Dalam membangun impian, saya sering berhadapan dengan realitas yang kurang menyenangkan. Bagaimana tidak, impian yang mau saya bangun itu terasa masih terlalu jauh. Belum bisa memberikan sedikitpun “penghasilan” untuk “hidup sekarang”.
Apa akal? Apakah saya harus lupakan saja impian itu? Apakah saya mundur? Menyerah? Waw … saya akui itu memang solusi yang paling mudah. Tapi “bukankah memang jalan mendaki itu pasti memang sulit?”
Saya sering terinspirasi quote itu. Ketika saya menghadapi masalah, lalu begitu mudah saja penyelesaiannya, saya malah curiga, hasilnya nggak bener. Namun ketika ada persoalan, lalu saya rasakan makin sulit menyelesaikannya, saya malahan tambah gembira. “Ini pasti okey hasilnya”.
Beberapa kali saya mengalami peristiwa-peristiwa yang membuktikan kebenaran hal itu. Yang paling terasa bila saya ikut perlombaan. Saya memang beberapa kali ikut lomba-lomba penulisan tingkat nasional. Saat saya memutuskan ikut lomba, saya sudah bilang pada diri saya, harus hanya ikut untuk jadi juara pertama. Bukan juara kedua, ketiga atau juara harapan. Lha buat apa ikut lomba, kalau niatnya cuma iseng-iseng berhadiah.

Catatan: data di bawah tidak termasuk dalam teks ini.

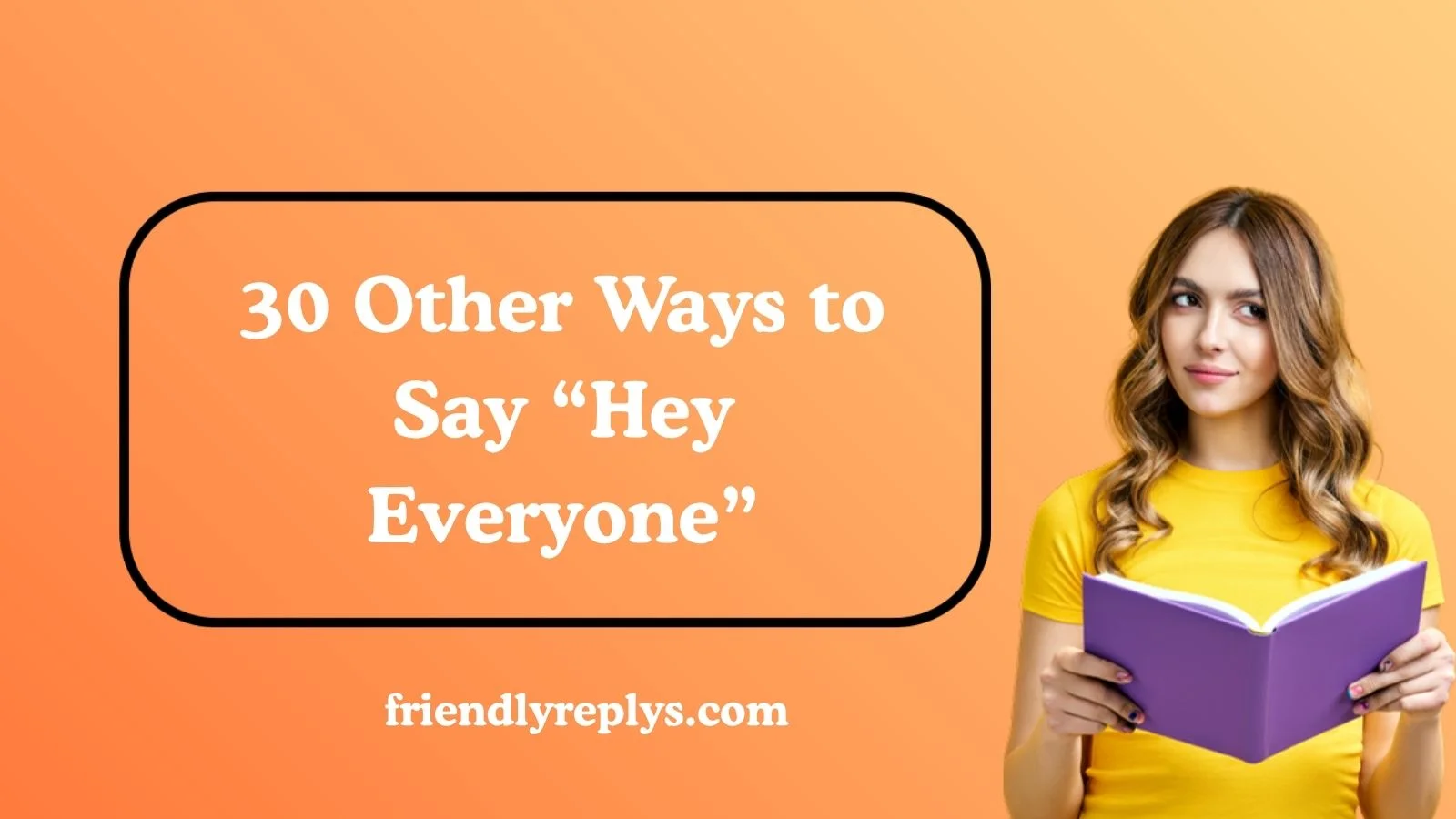 Other Ways to Say “Hey Everyone”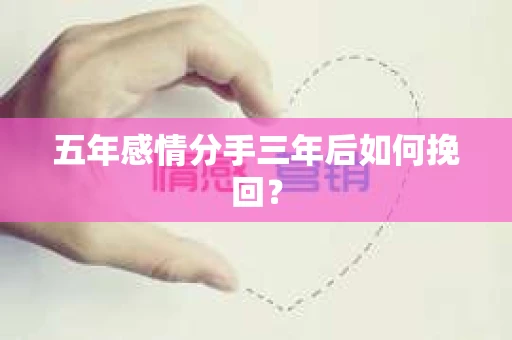 五年感情分手三年后如何挽回? 五年感情分手三年后如何挽回?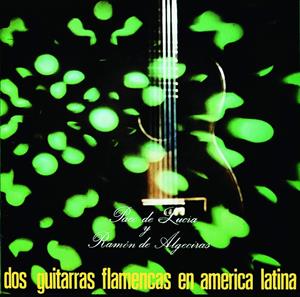 Paco de Lucia Y Ramón De Algeciras – Dos Guitarras Flamencas En America Latina  Vinyle, LP, Album, Réédition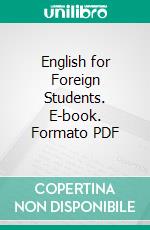 English for Foreign Students. E-book. Formato PDF ebook di Gopal Kolekar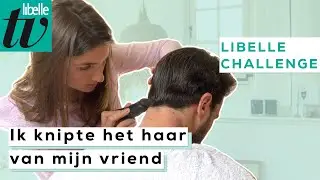 Ik knipte het haar van mijn vriend - Libelle Challenge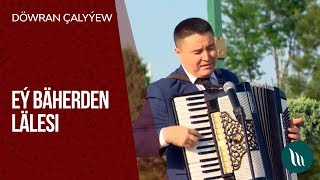 Döwran Çalyýew - Eý Bäherden Lälesi | 2019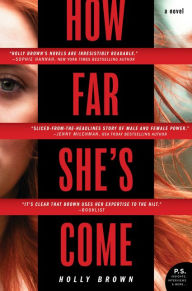 Title: How Far She's Come: A Novel, Author: Holly Brown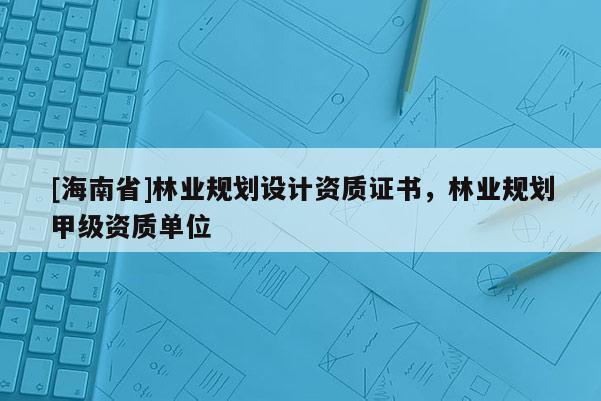 [海南省]林业规划设计资质证书，林业规划甲级资质单位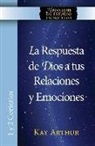 Kay Arthur - La Respuesta de Dios a Tus Relaciones y Emociones / God's Answers for Relationships and Passions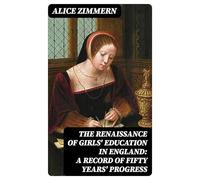The Renaissance of Girls' Education in England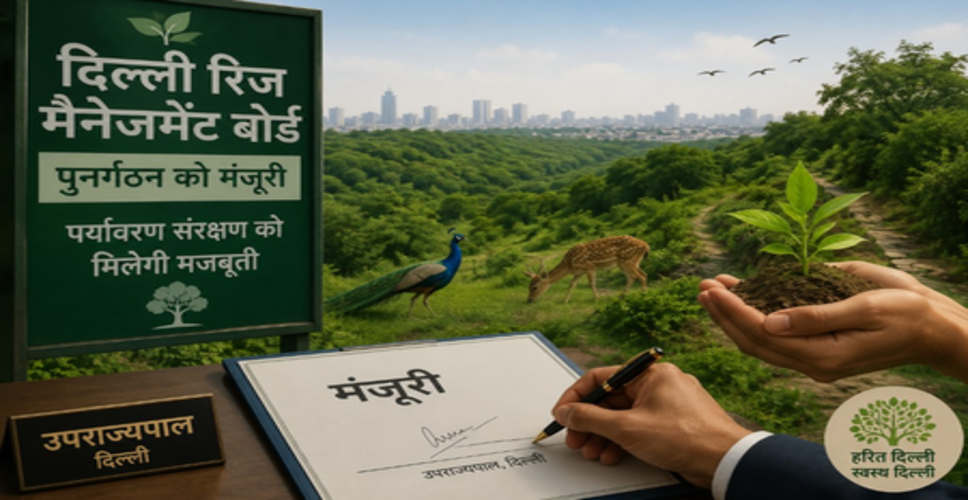 दिल्ली के एलजी ने रिज मैनेजमेंट बोर्ड के पुनर्गठन को दी मंजूरी, पर्यावरण संरक्षण को मिलेगी मजबूती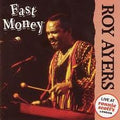 Roy Ayers - Fast money-Live at Ronnie Scott's, London (Nov. 27th, 1988) (CD)
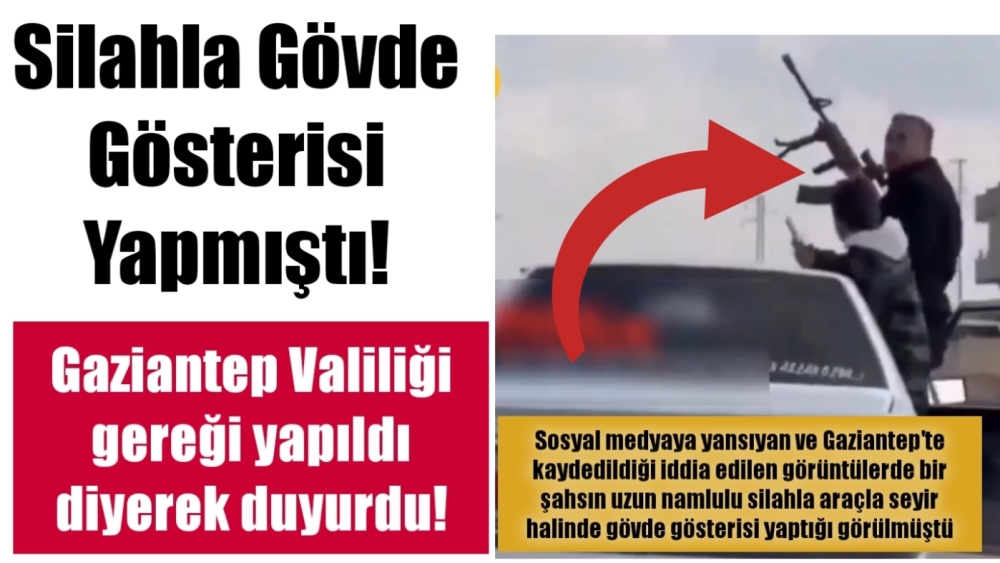 Silahla gövde gösterisi yapmıştı! Gaziantep Valiliği gereği yapıldı diyerek duyurdu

Ketika saya memulai proses mengerjakan tulisan, saya jadi stress berat. Tiba-tiba semua kemampuan saya mandul. Tiba-tiba ide-ide macet. Saya jadi heran juga. Mungkin karena targetnya terlalu tinggi, jadi malahan “nggak bisa” nulis.
Tapi memang, alangkah mudahnya untuk memilih jalan menurun. Mudah sekali untuk mundur. Gampang sekali untuk menyerah, berhenti. Tapi biasanya kalau itu benar-benar saya lakukan, beberapa hari kemudian, akan timbul penyesalan. “Ah seandainya dulu saya teruskan ….”
Dalam situasi begitu saya selalu teringat firman Tuhan, “Sesudah kesulitan pasti datang kemudahan“. Alhamdulillah datanglah “perasaan lega”, muncullah keyakinan, bahwa saya berada “on the right track“. Dan memang, hasilnya saya jadi juara pertama. Tiga kali saya ikut lomba, tiga-tiganya alhamdulillah juara pertama.
Karena itulah ketika saya menghadapi kesulitan demi kesulitan dalam membangun impian saya, tak ada yang lebih menghibur saya kecuali “iman” dengan “sunnatullah” itu. Saya menganggapnya sebagai “principle of success“, sebagai sunnatullah menuju sukses. Memang itulah jalan yang benar menuju sukses (tapi bukan sukses semu lo).
Bagi saya, kesulitan-kesulitan yang saya alami saya anggap sebagai “ciri-ciri” bahwa saya akan berhasil. Karena itu saya makin semangat. Buat saya ia menjadi “tanda-tanda” bahwa apa yang sedang saya lakukan akan membuahkan hasil yang saya inginkan.
Saya mengalaminya. Tapi saya kurang tahu apakah orang lain juga mengalaminya. Bisakah anda membagikan pengalaman anda?